Class FormulaParser<T>

java.lang.Object
io.jenetics.ext.internal.util.FormulaParser<T>
Type Parameters:
T - the token type used as input for the parser

public final class FormulaParser<T> extends Object
This class allows you to convert a sequence of tokens, which represents some kind of (mathematical) formula, into a tree structure. To do this, it is assumed that the given tokens can be categorized. The two main categories are structural tokens and operational tokens.

Structural tokens

Structural tokens are used to influence the hierarchy of the parsed tokens and are also part of function definitions. This kind of token will not be part of the generated tree representation.
  1. lparen: Represents left parentheses, which starts sub-trees or opens function argument lists.
  2. rparen: Represents right parentheses, which closes sub-trees or function argument lists. lparen and rparen must be balanced.
  3. comma: Separator token for function arguments.

Operational tokens

Operational tokens define the actual behaviour of the created tree.
  1. identifier: This kind of tokens usually represents variable names or numbers.
  2. function: Function tokens represents identifiers for functions. Valid functions have the following form: 'fun' 'lparen' arg ['comma' args]* 'rparen'
  3. binary operator: Binary operators are defined in infix order and have a precedence. Typical examples are the arithmetic operators '+' and '*', where the '*' have a higher precedence than '+'.
  4. unary operator: Unary operators are prefix operators. A typical example is the arithmetic negation operator '-'. Unary operators have all the same precedence, which is higher than the precedence of all binary operators.
This class is only responsible for the parsing step. The tokenization must be implemented separately. Another possible token source would be a generating grammar, where the output is already a list of tokens (aka sentence). The following example parser can be used to parse arithmetic expressions.
final FormulaParser<String> parser = FormulaParser.<String>builder() // Structural tokens. .lparen("(") .rparen(")") .separator(",") // Operational tokens. .unaryOperators("+", "-") .binaryOperators(ops -> ops .add(11, "+", "-") .add(12, "*", "/") .add(14, "^", "**")) .identifiers("x", "y", "z") .functions("pow", "sin", "cos") .build();
This parser allows you to parse the following token list
final List<String> tokens = List.of( "x", "*", "x", "+", "sin", "(", "z", ")", "-", "cos", "(", "x", ")", "+", "y", "/", "z", "-", "pow", "(", "z", ",", "x", ")" ); final Tree<String, ?> tree = parser.parse(tokens);
which will result in the following parsed tree:
"-" ├── "+" │ ├── "-" │ │ ├── "+" │ │ │ ├── "*" │ │ │ │ ├── "x" │ │ │ │ └── "x" │ │ │ └── "sin" │ │ │ └── "z" │ │ └── "cos" │ │ └── "x" │ └── "/" │ ├── "y" │ └── "z" └── "pow" ├── "z" └── "x"
Note that the generated (parsed) tree is of type Tree<String, ?>. To evaluate this tree, additional steps are necessary. If you want to create an executable tree, you have to use the parse(Iterable, TokenConverter) function for parsing the tokens.

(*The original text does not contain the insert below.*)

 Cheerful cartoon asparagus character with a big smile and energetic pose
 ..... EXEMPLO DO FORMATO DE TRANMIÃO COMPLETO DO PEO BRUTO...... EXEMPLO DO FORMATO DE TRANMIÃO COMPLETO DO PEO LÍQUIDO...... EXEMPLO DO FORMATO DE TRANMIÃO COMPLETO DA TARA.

The following code snippet shows how to create an executable AST from a token list. The MathExpr class in the io.jenetics.prog module uses a similar FormulaParser.TokenConverter.

final Tree<Op<Double>, ?> tree = formula.parse( tokens, (token, type) -> switch (token) { case "+" -> type == TokenType.UNARY_OPERATOR ? MathOp.ID : MathOp.ADD; case "-" -> type == TokenType.UNARY_OPERATOR ? MathOp.NEG : MathOp.SUB; case "*" -> MathOp.MUL; case "/" -> MathOp.DIV; case "^", "**", "pow" -> MathOp.POW; case "sin" -> MathOp.SIN; case "cos" -> MathOp.COS; default -> type == TokenType.IDENTIFIER ? Var.of(token); : throw new IllegalArgumentException("Unknown token: " + token); } );
Since:
7.1
Version:
7.1
Implementation Note:
This class is immutable and thread-safe.
  • Method Details

    • parse

      public <V> TreeNode<V> parse(Supplier<? extends T> tokens, FormulaParser.TokenConverter<? super T,? extends V> mapper)
      Parses the given token sequence according this formula definition. If the given tokens supplier returns null, no further token is available.
      Parameters:
      tokens - the tokens which form the formula
      mapper - the mapper function which maps the token type to the parse tree value type
      Returns:
      the parsed formula as a tree
      Throws:
      NullPointerException - if one of the arguments is null
      IllegalArgumentException - if the given tokens can't be parsed
    • parse

      public TreeNode<T> parse(Supplier<? extends T> tokens)
      Parses the given token sequence according this formula definition. If the given tokens supplier returns null, no further token is available.
      Parameters:
      tokens - the tokens which form the formula
      Returns:
      the parsed formula as a tree
      Throws:
      NullPointerException - if the arguments is null
      IllegalArgumentException - if the given tokens can't be parsed
    • parse

      public <V> TreeNode<V> parse(Iterable<? extends T> tokens, FormulaParser.TokenConverter<? super T,? extends V> mapper)
      Parses the given token sequence according this formula definition.
      Parameters:
      tokens - the tokens which form the formula
      mapper - the mapper function which maps the token type to the parse tree value type
      Returns:
      the parsed formula as a tree
      Throws:
      NullPointerException - if one of the arguments is null
      IllegalArgumentException - if the given tokens can't be parsed
    • parse

      public TreeNode<T> parse(Iterable<? extends T> tokens)
      Parses the given token sequence according this formula definition.
      Parameters:
      tokens - the tokens which form the formula
      Returns:
      the parsed formula as a tree
      Throws:
      NullPointerException - if the arguments is null
      IllegalArgumentException - if the given tokens can't be parsed
    • builder

      public static <T> FormulaParser.Builder<T> builder()
      Return a new builder class for building new formula parsers.
      Type Parameters:
      T - the token type
      Returns:
      a new formula parser builder